You have decided to combine your credits, and you end up with a buyout proposal in your hands? What should you watch out for before committing? Discover our tips in five points.
1. Do not confuse interest rate and monthly repayment
When a loan is bought, the debt is rescheduled with a new term and a new interest rate. For the organization offering the buyout, it is very easy to reduce the monthly payment during the buyout: it suffices to increase the duration of the loan. A repayment over a longer period thus means a lower monthly payment, but be careful:
- A longer repayment term implies a lower monthly payment, but does not necessarily imply a more advantageous interest rate!
- The longer the repayment period, the higher the total cost (credit interest), regardless of the interest rate!
Before committing, it is therefore advisable not to just compare the monthly premiums before and after the redemption. Remember to check the interest rate offered: is it really lower than that of your old loan whose balance you want to buy back?
2. Check the proposed reimbursement period
The longer the repayment period, the higher the total interest paid! For the same interest rate, a 36-month credit will be 50% more expensive than a 24-month credit! We advise you to always prefer, as far as possible, the shortest possible repayment period. Also consider that it is always possible to make a prepayment, and thus save on the total interest of the credit.
3. Credit card balance and leasing: who manages what?
If the repurchase of credit effectively makes it possible to settle at once all invoice linked to credit cards or a leasing, it is advisable to check who pays what. Upon redemption:
- Will the bank be responsible for paying the leasing / credit card bills for you?
- Or will this money be paid to you, and it will then be up to you to settle these outstanding invoices?
In the case of leases, it is generally always the bank which is responsible for settling the invoices in place of the client. In the case of a credit card balance due, both situations can arise. We advise you, before committing, to clarify who pays what.

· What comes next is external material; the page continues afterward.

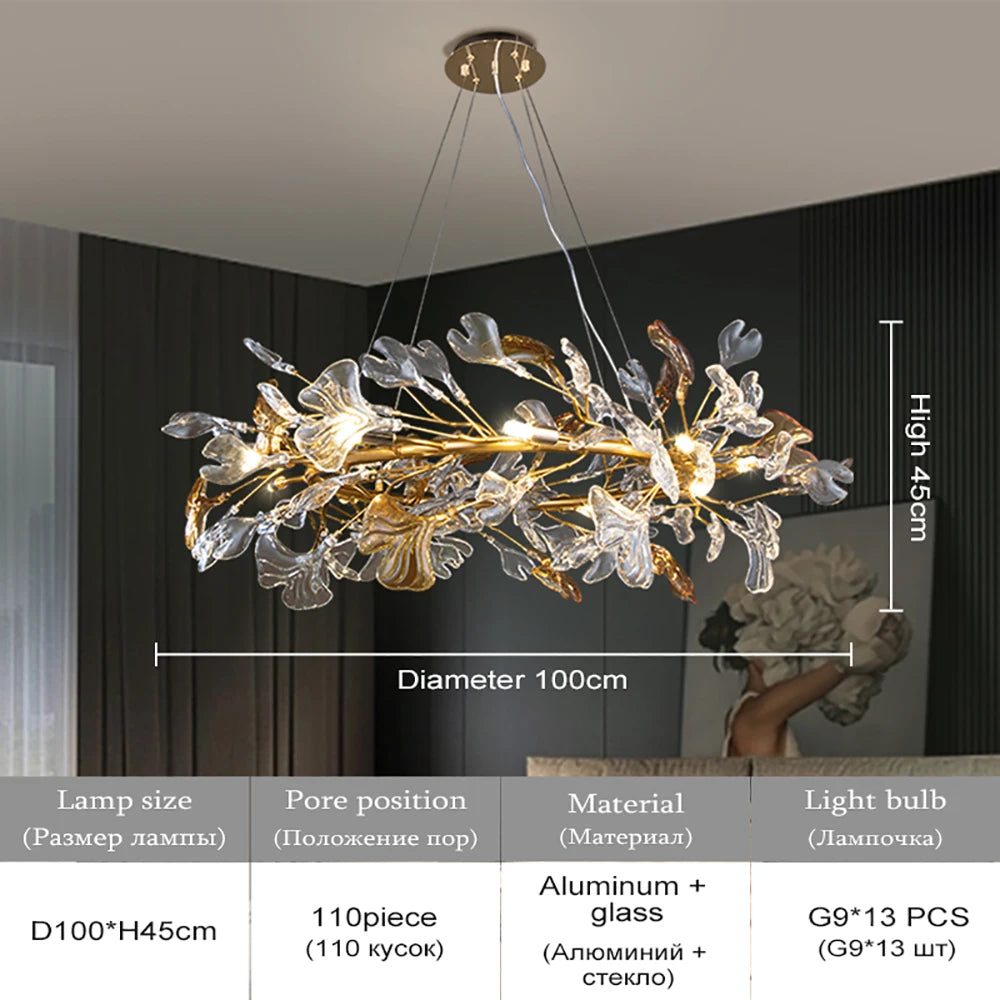 modern transparent gingko chandelier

4. Is it possible to obtain additional credit?
If the repurchase of credit generally consists only in regrouping several debts (credits, credit cards, leasing) in only one more advantageous credit, it is also possible to obtain an additional credit. This is not automatically offered by the bank, and it is up to you, in the event of interest or need, to indicate it during the request.

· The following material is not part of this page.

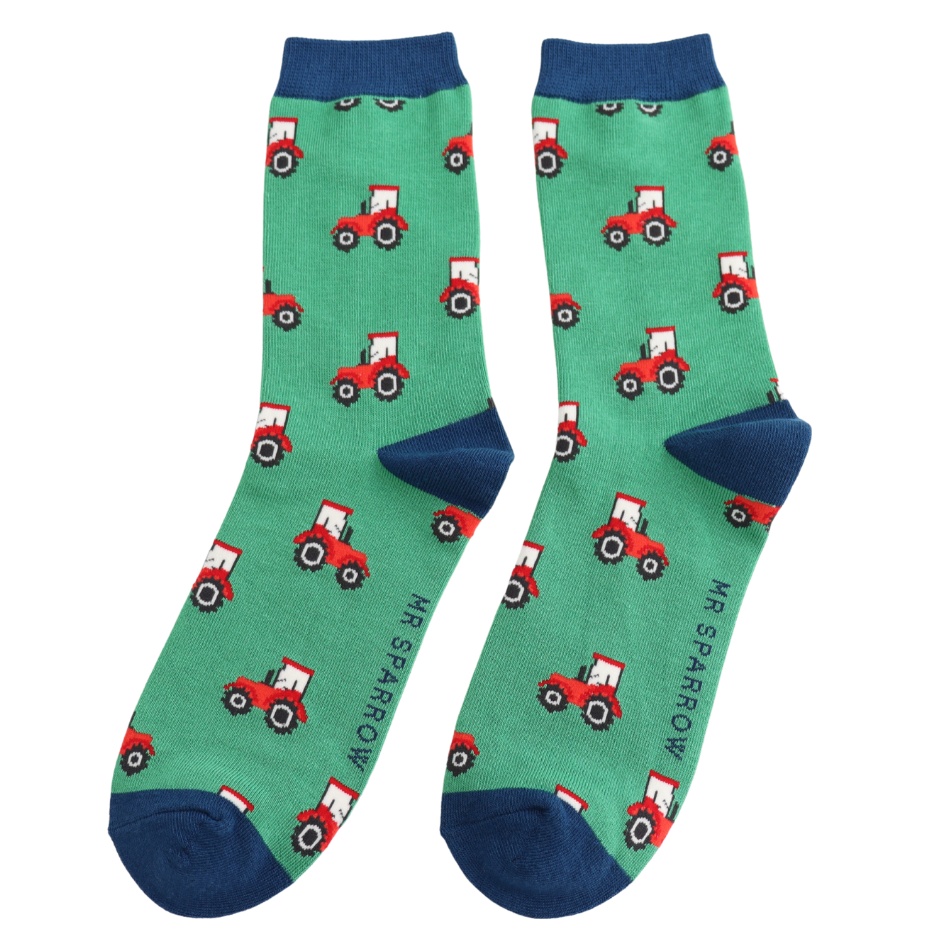 Mens Socks: Bamboo Tractors- Green - Mr Sparrow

5. Costs of other services?
The cost of a loan, or a loan buy-back, consists mainly of the total interest on the loan. However, other costs can be added:
- Possible costs of insurance (usually optional). You should then ask yourself if you need this insurance and, if necessary, have it canceled. It is also possible to cancel this type of insurance at any time for the end of the current month.
- Any other costs: paper billing costs for example, application fees (very rarely requested), etc.
If you need advice on a loan buy-back offer, it is also always possible to call on a loan broker or agency who will analyze your situation and why not offer you a more advantageous alternative!